I was recently delivering a coaching programme. We got to talking about how to really embed coaching within an organisation. What makes it really become effective, how to get the best from the style. The conversation turned to the role of senior leaders, and the extent to which their involvement is needed, or otherwise, in order to make a step change in approach.
Whether it is embedding something like coaching, managing organisational change, introducing social culture – take your pick of the people stuff – the role of leaders is often talked about. Take social media. The CIPD research ‘Putting Social Media to Work’ confirmed its importance in legitimising the use of enterprise social networks within organisations.

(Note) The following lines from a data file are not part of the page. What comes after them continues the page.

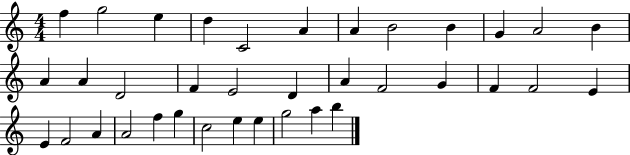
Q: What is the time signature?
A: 4/4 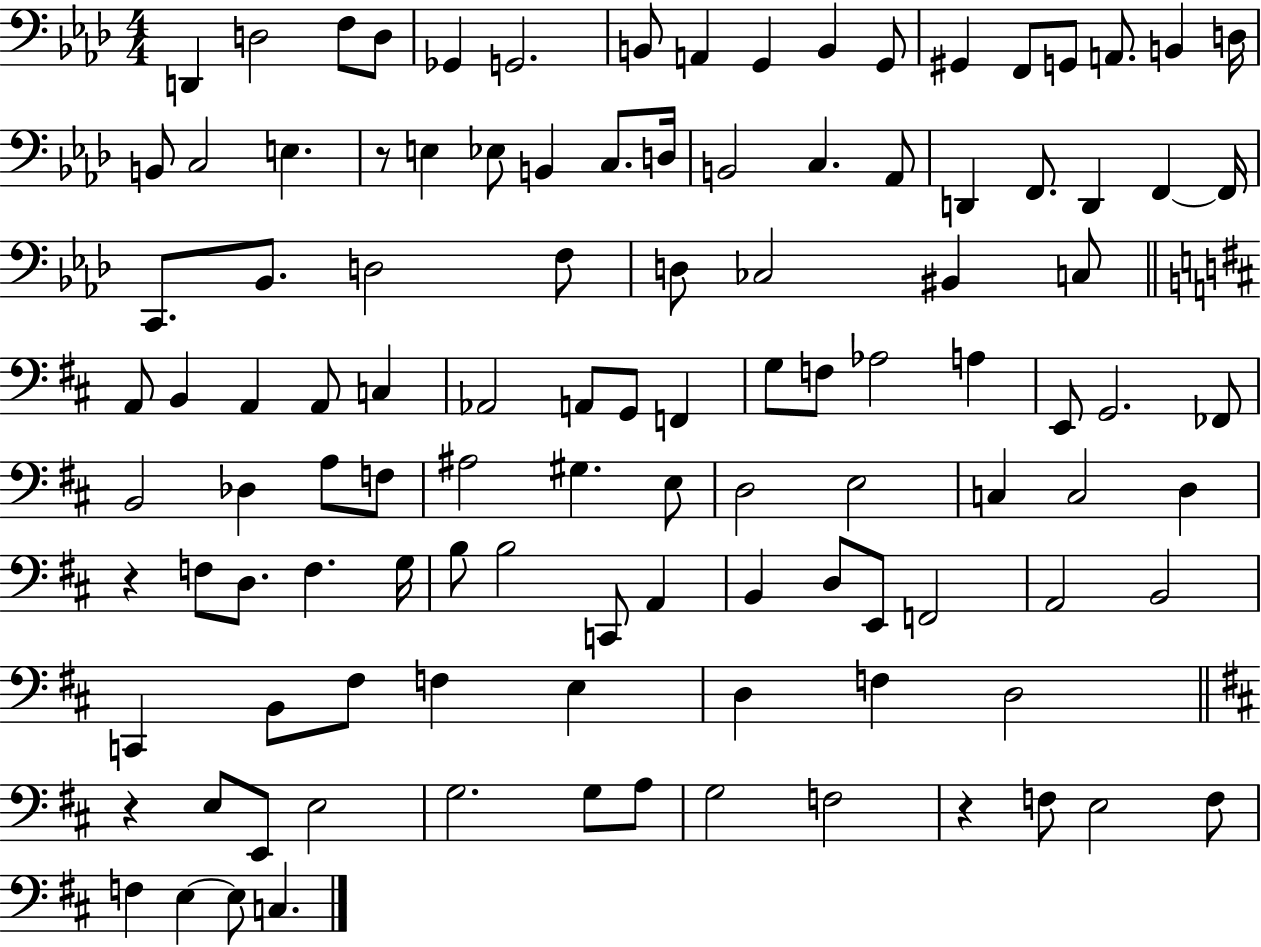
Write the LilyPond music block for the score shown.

{
  \clef bass
  \numericTimeSignature
  \time 4/4
  \key aes \major
  \repeat volta 2 { d,4 d2 f8 d8 | ges,4 g,2. | b,8 a,4 g,4 b,4 g,8 | gis,4 f,8 g,8 a,8. b,4 d16 | \break b,8 c2 e4. | r8 e4 ees8 b,4 c8. d16 | b,2 c4. aes,8 | d,4 f,8. d,4 f,4~~ f,16 | \break c,8. bes,8. d2 f8 | d8 ces2 bis,4 c8 | \bar "||" \break \key d \major a,8 b,4 a,4 a,8 c4 | aes,2 a,8 g,8 f,4 | g8 f8 aes2 a4 | e,8 g,2. fes,8 | \break b,2 des4 a8 f8 | ais2 gis4. e8 | d2 e2 | c4 c2 d4 | \break r4 f8 d8. f4. g16 | b8 b2 c,8 a,4 | b,4 d8 e,8 f,2 | a,2 b,2 | \break c,4 b,8 fis8 f4 e4 | d4 f4 d2 | \bar "||" \break \key b \minor r4 e8 e,8 e2 | g2. g8 a8 | g2 f2 | r4 f8 e2 f8 | \break f4 e4~~ e8 c4. | } \bar "|."
}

When it comes to embedding new stuff the role of senior leaders is important, and fulfils several roles. It gives permission that something is acceptable at your place, or a good use of work time. It sets an example, acts as a role model for behaviour. It can help move things forward more quickly than they otherwise might. It can provide heightened visibility or perceived value.
But for all the benefits of senior leader involvement, it is just as important that its absence does not become an excuse not to do something. The role of senior leaders is embedding new stuff is important. But it is not essential.

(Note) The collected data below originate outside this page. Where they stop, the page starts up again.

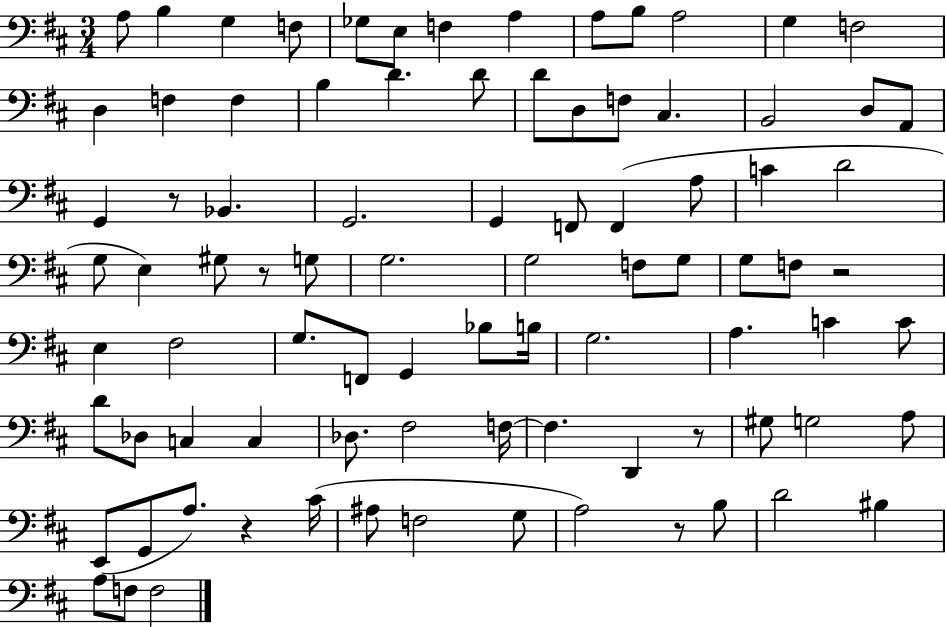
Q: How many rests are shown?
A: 6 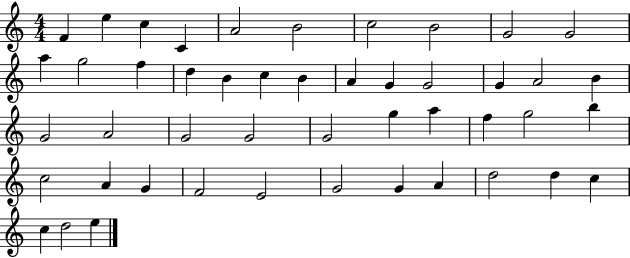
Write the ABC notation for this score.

X:1
T:Untitled
M:4/4
L:1/4
K:C
F e c C A2 B2 c2 B2 G2 G2 a g2 f d B c B A G G2 G A2 B G2 A2 G2 G2 G2 g a f g2 b c2 A G F2 E2 G2 G A d2 d c c d2 e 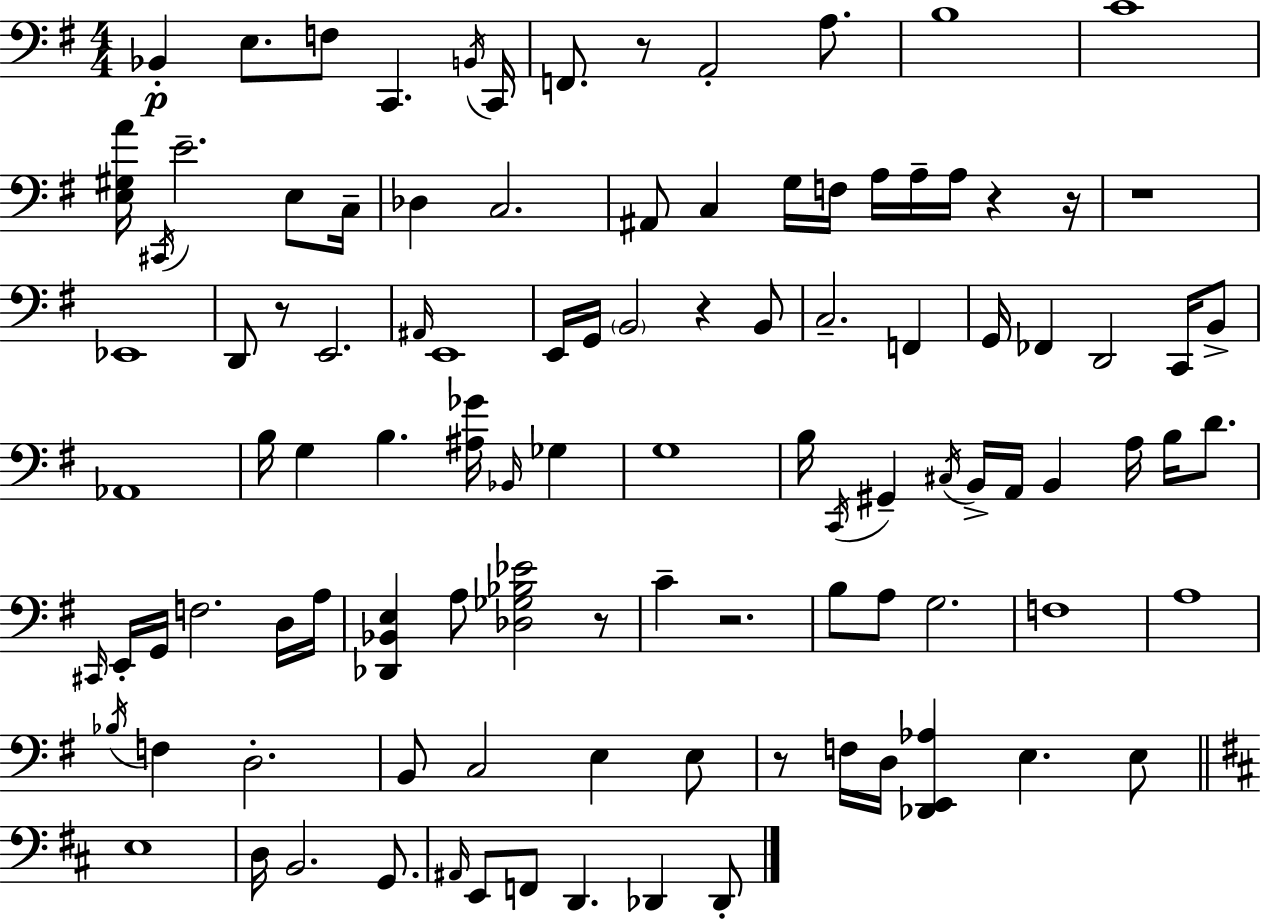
X:1
T:Untitled
M:4/4
L:1/4
K:G
_B,, E,/2 F,/2 C,, B,,/4 C,,/4 F,,/2 z/2 A,,2 A,/2 B,4 C4 [E,^G,A]/4 ^C,,/4 E2 E,/2 C,/4 _D, C,2 ^A,,/2 C, G,/4 F,/4 A,/4 A,/4 A,/4 z z/4 z4 _E,,4 D,,/2 z/2 E,,2 ^A,,/4 E,,4 E,,/4 G,,/4 B,,2 z B,,/2 C,2 F,, G,,/4 _F,, D,,2 C,,/4 B,,/2 _A,,4 B,/4 G, B, [^A,_G]/4 _B,,/4 _G, G,4 B,/4 C,,/4 ^G,, ^C,/4 B,,/4 A,,/4 B,, A,/4 B,/4 D/2 ^C,,/4 E,,/4 G,,/4 F,2 D,/4 A,/4 [_D,,_B,,E,] A,/2 [_D,_G,_B,_E]2 z/2 C z2 B,/2 A,/2 G,2 F,4 A,4 _B,/4 F, D,2 B,,/2 C,2 E, E,/2 z/2 F,/4 D,/4 [_D,,E,,_A,] E, E,/2 E,4 D,/4 B,,2 G,,/2 ^A,,/4 E,,/2 F,,/2 D,, _D,, _D,,/2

Take another example. The much maligned performance review. Whilst it is often criticised in its traditional format, we can’t deny that employees need feedback. They need development discussions, they need conversations, they need to talk about what is expected of them. It does work well when objectives are fully aligned across an organisation or to shared goals and visions. It works very well when objectives and plans flow down through an organisation. Senior leaders absolutely should lead by example by holding reviews with their own team, and holding them to account to make sure that they do the same. And onwards. But I have heard too many managers in too many organisations tell me that the reason that they haven’t taken the time to sit down with their team to review and discuss and feedback and set objectives is because they haven’t had their own review. That their manager hasn’t set them any objectives. Like this is some sort of acceptable justification.
Just the same, I’ve heard plenty of people trot out the ‘it won’t work unless the senior managers do it’ line too many times. And here’s the thing. Senior leaders are busy folks. And sometimes they might just not do that thing that you hope that they might.
Back to the coaching example for the moment. Coaching as a style is optimal when it is fully embedded within an organisation. When it becomes part of the everyday interaction between individuals. Part of the culture, top to bottom. That is the ideal state, but like with much people stuff, much organisational stuff, the ideal isn’t often the everyday reality. Or even close to achievable. But that doesn’t mean that it shouldn’t be done.
During the discussion I said this. If you knew your manager was never going to adopt a coaching style, if you knew you were never going to be coached yourself, would that stop you? Should that stop you?
If you knew that your team would benefit from coaching. If you knew that by coaching rather than telling you could help a person develop. Think well. Learn. Why wouldn’t you just do it anyway? Why would you wait for permission from someone higher up in the chain?
Whatever it is you are trying to change. Whatever the people stuff you are trying to introduce. You can choose.
Lead from the top.
Lead from the bottom.
Lead by example.
Lead from anywhere. As long as you just lead.